Every relationship that we have in our life—our contact with each person, place, and event—serves a very special, if yet to be realized, purpose: it is a mirror that reveals things to us about ourselves that can be realized in no other way. I think this is one of the reasons that so many of us love to be out and about in that great showroom of life called Mother Nature.
For instance, gazing into the depths of a night sky we realize a sense of something vast and timeless; in her mountains we sense the soul of majesty; in any newborn there’s a sense of an all but forgotten innocence. With all that touches us this way, we are made aware of a life larger than our own, yet one that is inseparable from the part of us that stands as witness to it.
Through these relationships we glimpse the ineffable; by their touch we are awakened to realize that whatever we behold in this world is but a mirror of the worlds above, and that all of these worlds reside within us. The soul knows this to be true: that in the common hides the celestial, and so it waits, watchful, never knowing when or where it will catch a message from heaven. Such moments are never announced. They enter quietly, unexpectedly, and—as the following illustration helps make clear—though they vanish into thin air, their impression lasts forever.
When autumn comes, particularly near its end, the ground on the little mountaintop where I live is literally golden brown with all of the oak leaves that have parted ways with their seasonal parents.
It’s so beautiful to watch the thousands of leaves fall like slow-motion snowflakes finding their way to the forest floor and their temporary resting place there. Then come the late October–early November winds, and all the leaves are off to the races. Like a large gathering of tiny tumblers, they’re driven here and there, rolling head over end in a dead heat to places unknown.
The remarkable thing I’ve always wondered about is where are they all going?
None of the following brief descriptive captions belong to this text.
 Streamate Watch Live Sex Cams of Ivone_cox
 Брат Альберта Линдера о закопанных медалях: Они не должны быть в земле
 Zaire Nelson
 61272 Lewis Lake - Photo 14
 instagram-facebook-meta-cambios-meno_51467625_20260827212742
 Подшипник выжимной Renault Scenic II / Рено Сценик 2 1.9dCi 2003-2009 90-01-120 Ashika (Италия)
Because even though everything is in movement, I can barely discern any difference in what remains before me. The leaves the wind picks up and scatters down the hill are replaced, moment by moment, with the leaves moving up the hill from the other side! It’s something like a giant game of musical chairs, only there’s a spot for all of the players. Slowly the lesson appears; a celestial secret is playing itself out right before me:
Everything moves, but nothing changes.
The ground over which these leaves race remains the same; it provides the stage upon which an infinite number of characters interact with one another yet never really change anything other than their places. This is a near perfect metaphor for any aspirant wishing to understand the relationship of their immortal Self with the world of passing time that runs through it.
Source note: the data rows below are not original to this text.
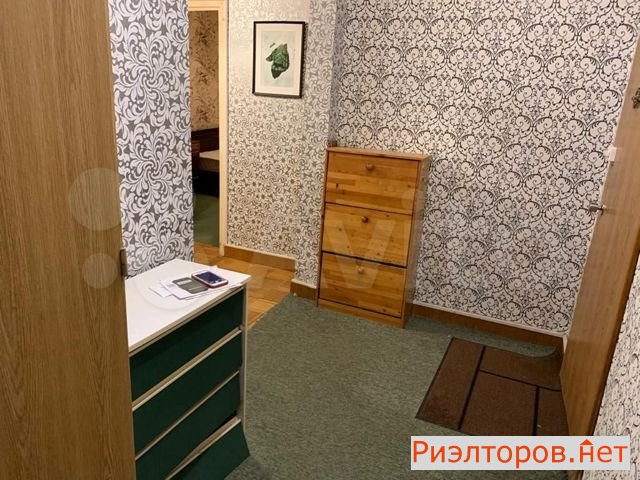 ����� �������� (���� �4)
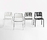 Audrey | Kartell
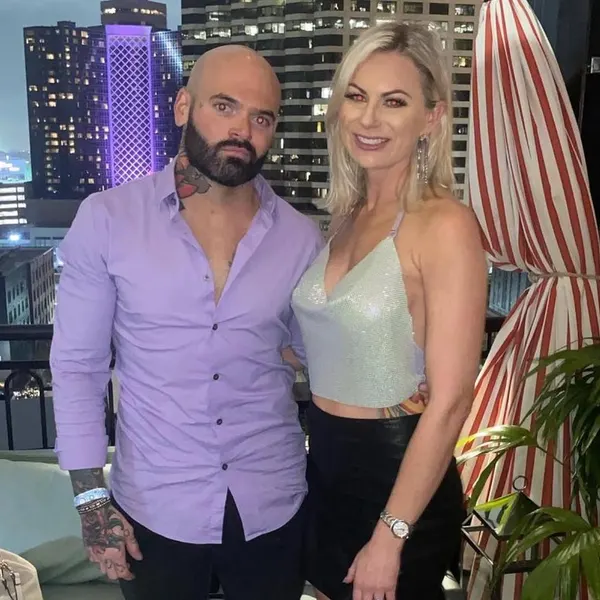 mattsteblytattoos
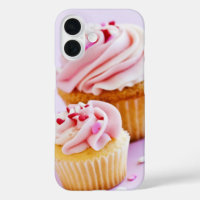 Bakery Cupcakes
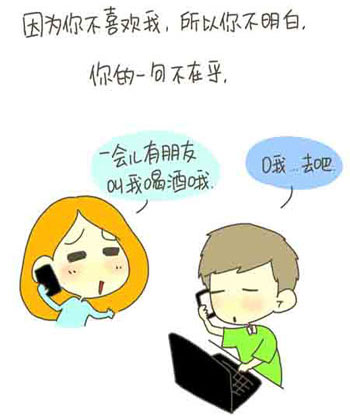 045944-wnb2rmpa8f.jpeg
Within us—at the very center of our being—is a spiritual ground, a perfect stillness that is to the movement of our thoughts and feelings as is the earth to the leaves that race across her until there’s nowhere else to run. Resting from their race, they enter into her stillness, giving themselves up to nourish her body so that she may give birth again come the spring.
How can we better see this beautiful truth? What must we do to find the freedom that comes with realizing the changeless ground of the divinity that dwells within us?
Be here.
Be still.
Remember the truth of yourself.
By giving your complete attention to the living presence of all that you are, you will be given the incomparable awareness that while all around you everything changes, within you lives what is unchanging. Fearlessness follows this discovery in much the same way as late evening shadows flee the morning light.